• [Given entries]
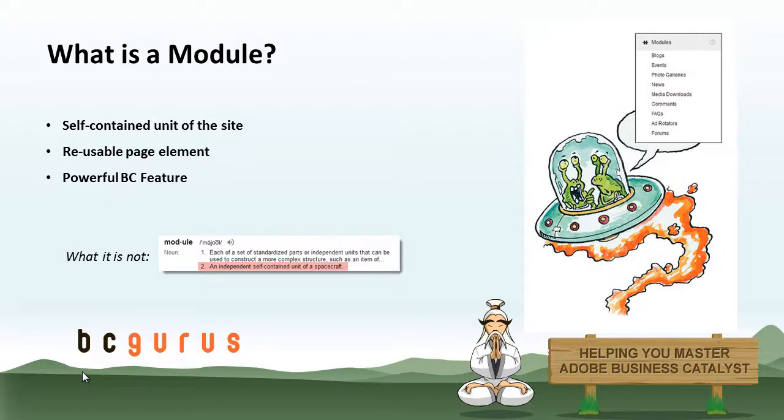An instance of your module can be inserted in different places all over your site, but it only exists in one area in the backend. This means that if you ever need to make any additions, edits, or remove the individual module items, you can do so in one area and it will update every instance of the module throughout your site.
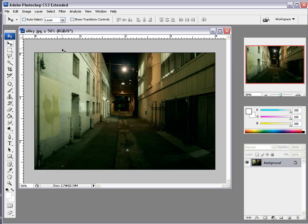Hey, what's up? Andrew Kramer for VideoCopilot.net and this is sort of a supplemental tutorial.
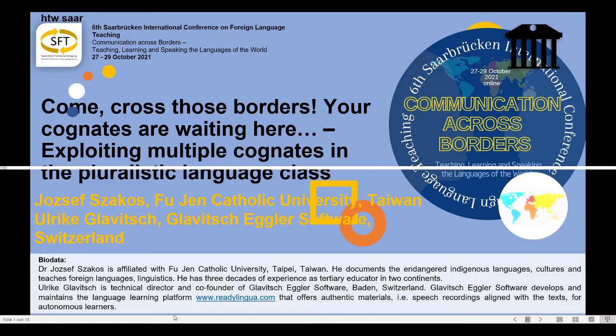Thank you very much and welcome everybody to our presentation. I hope that in spite of the online format we can make ourselves understood. Our presentation has two parts. I will give an overview of these two parts, and then in the second part Urika will have a more practical introduction and demonstration.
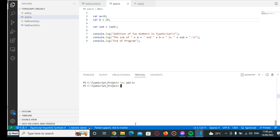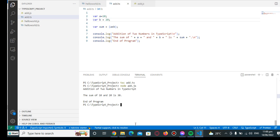And then we run node add.js. So addition of two numbers in TypeScript, the sum of 10 and 20 is 30, end of program.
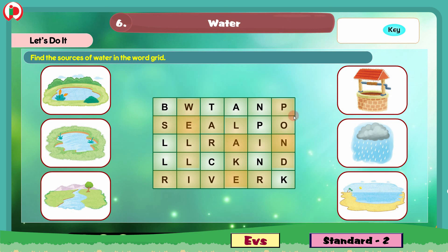So we have got pond, lake, river, well, rain and sea. With this, we completed the Let's Do It section. And with this, we also completed the workbook part for the lesson water.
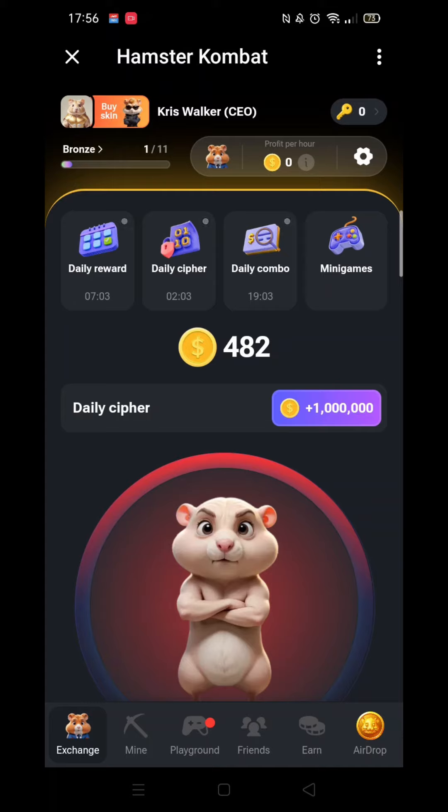Remember, a new cipher code becomes available every day around mid-morning and is valid until mid-afternoon. Please check your location with regards to the time the codes go live. Should you enter the cipher code outside of its valid window, it will not spell out any code. It absolutely has to be done within the correct time frame.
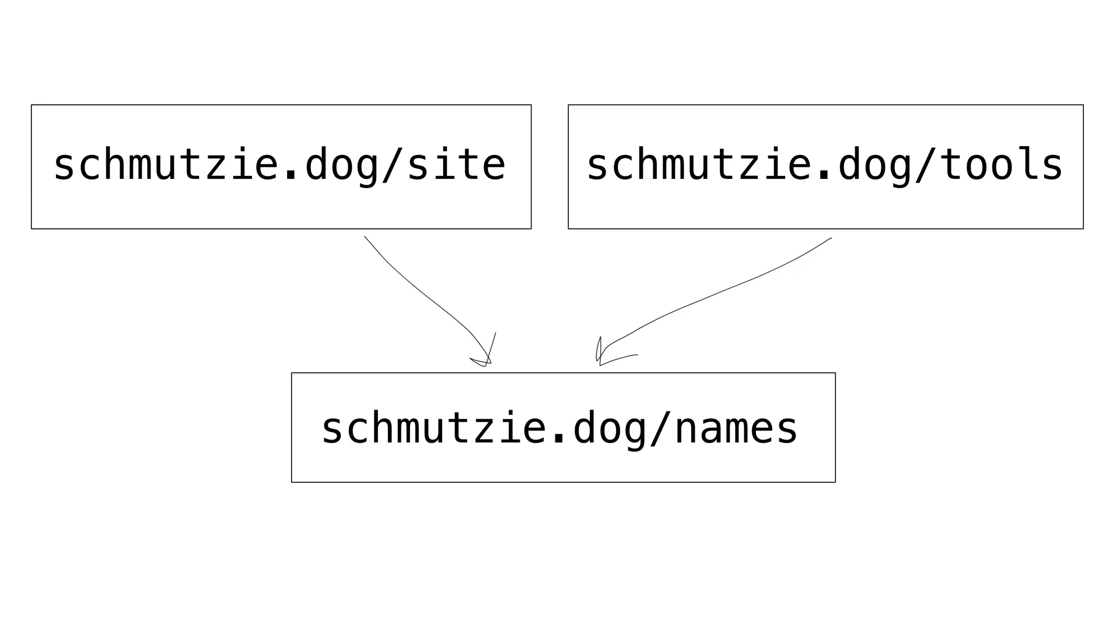Okay, now that we have go-tip installed and the go plugin on VS Code pointing to go-tip, let's get started with using workspace mode. Let's take a look at an example with three modules: schmutzy.dog/names, schmutzy.dog/tools, and schmutzy.dog/site. The site and tools modules both depend on the names module.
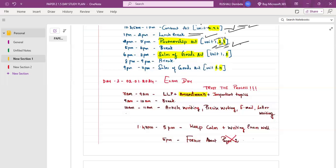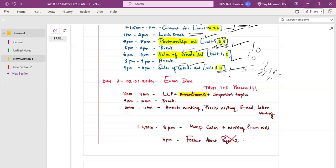From 5 to 6pm, take a break — walk, have snacks, meditate, and relax. From 6 to 8pm, cover Sale of Goods Act Units 1 and 2 — an important chapter worth around 10 marks. Then take a dinner break; you can eat with your family. After dinner, in the last study chunk before the exam, cover Sale of Goods Act Units 3 and 4, which are very important — the combined Sale of Goods Act is worth 16 to 18 marks.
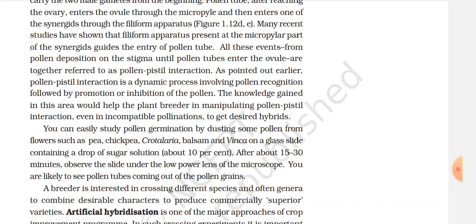The knowledge gained in this area would help the plant breeder in manipulating pollen-pistil interaction even in incompatible pollination to get desired hybrids. You can easily study pollen germination by dusting some pollen from flowers such as peach, chickpea, crotalaria, balsam, and vinca on a glass slide containing a drop of sugar solution — about 10% — and after about 30 to 50 minutes, observe the slide under the low-power lens of the microscope. You are likely to see pollen tubes coming out of the pollen grains.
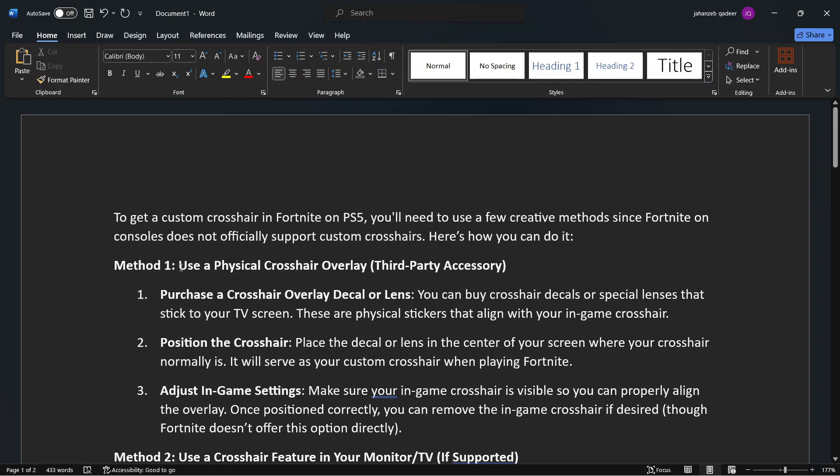So first step you need to do is Method 1: use a physical crosshair overlay, third-party accessory. Purchase a crosshair overlay or lens, position the crosshair, adjust in-game settings.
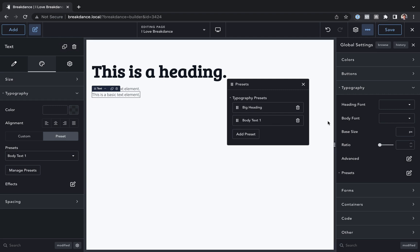Okay, that is how to use the global settings typography presets functionality in Breakdance.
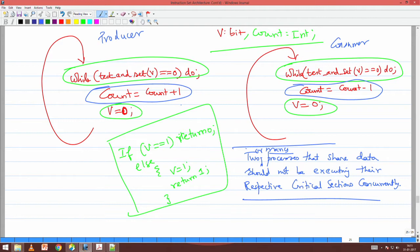This statement you will not find in any book. Two or many processes that share data — in this case, count — should not be executing their respective critical sections concurrently. The producer's critical section is count equal to count plus 1, and the consumer's is count equal to count minus 1. They should not be in their critical section at the same time. When the producer enters count equal to count plus 1, the consumer should be anywhere outside that section, and vice versa.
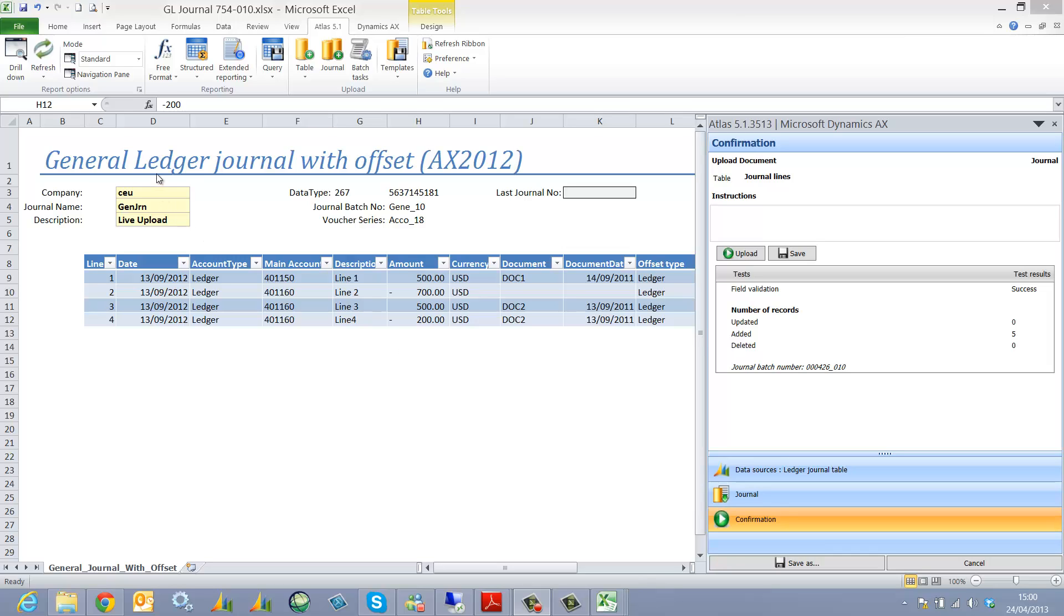So you'll notice this is a general ledger journal. As the upload has been completed, Atlas returns the journal batch number.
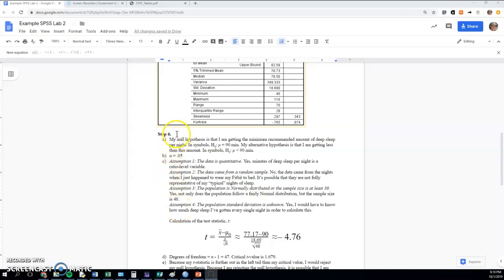So we're going to go through step six, which is the null hypothesis test, mostly by hand with a little bit of help from technology. Then we'll compare it with the SPSS output in step seven.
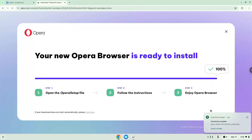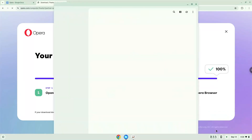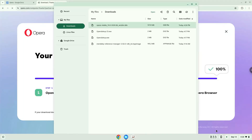Now we will open the package in our file manager. Right click on the file and install it with Linux apps.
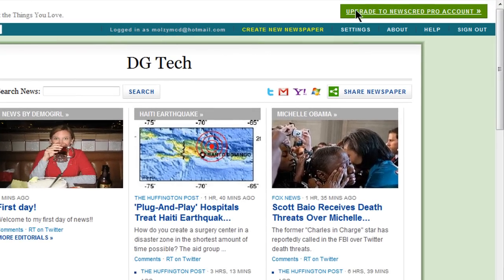Check out NewsCred Pro if you want additional features like a custom domain, make money by running ads, and more control over customization. When you're ready to share your newspaper with the world, you have a variety of social networking tools right here.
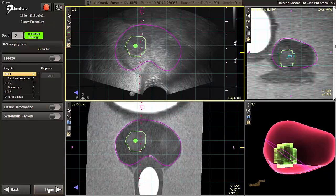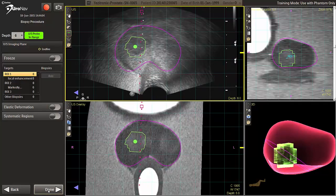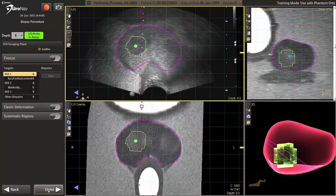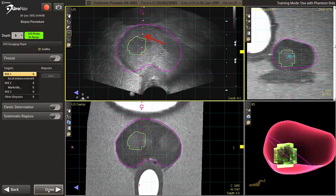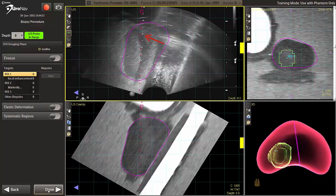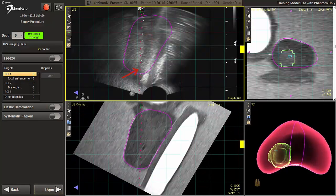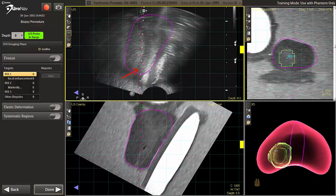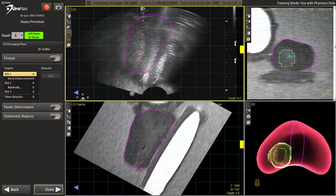Continual fine-tune adjustments will be required to maintain coherence throughout the procedure. If the ultrasound needle guide shown with the white dots is not aligned with the pink Euronav needle guide, corrections can be made by sliding the square pink box at the distal end of the dotted line.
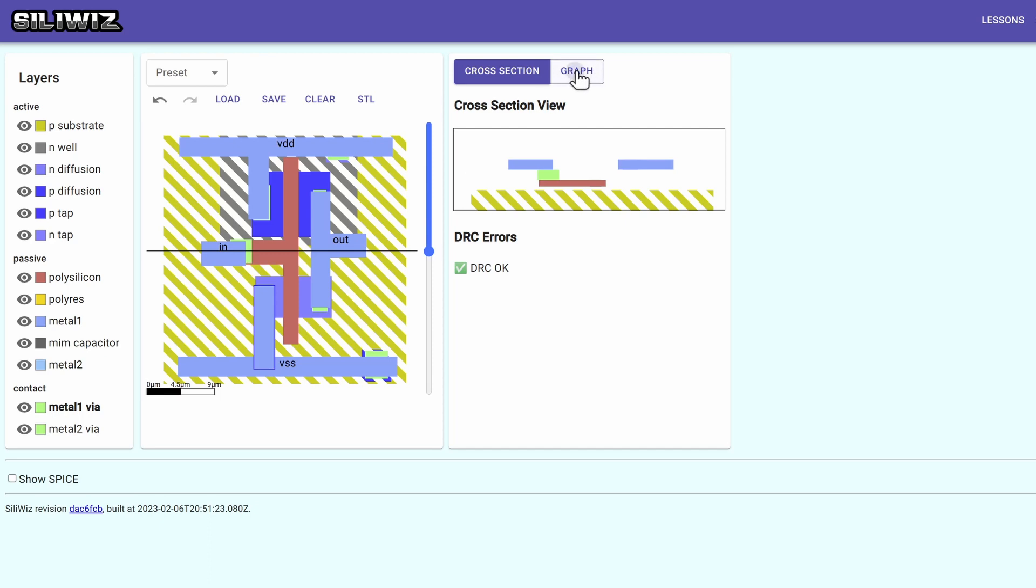Then I can switch to the graph. And I've got an inverter. So I hope you're as excited as I am to get playing. And make sure you sign up to the mailing list if you want to get early access.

• [Requirement]
What's needed is a word-for-word retyping of the listing, minus its pictures.

• [Solution to this exercise]
An instance of your module can be inserted in different places all over your site, but it only exists in one area in the backend. This means that if you ever need to make any additions, edits, or remove the individual module items, you can do so in one area and it will update every instance of the module throughout your site.
Hey, what's up? Andrew Kramer for VideoCopilot.net and this is sort of a supplemental tutorial.
Thank you very much and welcome everybody to our presentation. I hope that in spite of the online format we can make ourselves understood. Our presentation has two parts. I will give an overview of these two parts, and then in the second part Urika will have a more practical introduction and demonstration.
And then we run node add.js. So addition of two numbers in TypeScript, the sum of 10 and 20 is 30, end of program.
So we have got pond, lake, river, well, rain and sea. With this, we completed the Let's Do It section. And with this, we also completed the workbook part for the lesson water.
Remember, a new cipher code becomes available every day around mid-morning and is valid until mid-afternoon. Please check your location with regards to the time the codes go live. Should you enter the cipher code outside of its valid window, it will not spell out any code. It absolutely has to be done within the correct time frame.
Okay, now that we have go-tip installed and the go plugin on VS Code pointing to go-tip, let's get started with using workspace mode. Let's take a look at an example with three modules: schmutzy.dog/names, schmutzy.dog/tools, and schmutzy.dog/site. The site and tools modules both depend on the names module.
From 5 to 6pm, take a break — walk, have snacks, meditate, and relax. From 6 to 8pm, cover Sale of Goods Act Units 1 and 2 — an important chapter worth around 10 marks. Then take a dinner break; you can eat with your family. After dinner, in the last study chunk before the exam, cover Sale of Goods Act Units 3 and 4, which are very important — the combined Sale of Goods Act is worth 16 to 18 marks.
The knowledge gained in this area would help the plant breeder in manipulating pollen-pistil interaction even in incompatible pollination to get desired hybrids. You can easily study pollen germination by dusting some pollen from flowers such as peach, chickpea, crotalaria, balsam, and vinca on a glass slide containing a drop of sugar solution — about 10% — and after about 30 to 50 minutes, observe the slide under the low-power lens of the microscope. You are likely to see pollen tubes coming out of the pollen grains.
So first step you need to do is Method 1: use a physical crosshair overlay, third-party accessory. Purchase a crosshair overlay or lens, position the crosshair, adjust in-game settings.
Okay, that is how to use the global settings typography presets functionality in Breakdance.
This statement you will not find in any book. Two or many processes that share data — in this case, count — should not be executing their respective critical sections concurrently. The producer's critical section is count equal to count plus 1, and the consumer's is count equal to count minus 1. They should not be in their critical section at the same time. When the producer enters count equal to count plus 1, the consumer should be anywhere outside that section, and vice versa.
So you'll notice this is a general ledger journal. As the upload has been completed, Atlas returns the journal batch number.
So we're going to go through step six, which is the null hypothesis test, mostly by hand with a little bit of help from technology. Then we'll compare it with the SPSS output in step seven.
Now we will open the package in our file manager. Right click on the file and install it with Linux apps.
Check out NewsCred Pro if you want additional features like a custom domain, make money by running ads, and more control over customization. When you're ready to share your newspaper with the world, you have a variety of social networking tools right here.
Continual fine-tune adjustments will be required to maintain coherence throughout the procedure. If the ultrasound needle guide shown with the white dots is not aligned with the pink Euronav needle guide, corrections can be made by sliding the square pink box at the distal end of the dotted line.
Then I can switch to the graph. And I've got an inverter. So I hope you're as excited as I am to get playing. And make sure you sign up to the mailing list if you want to get early access.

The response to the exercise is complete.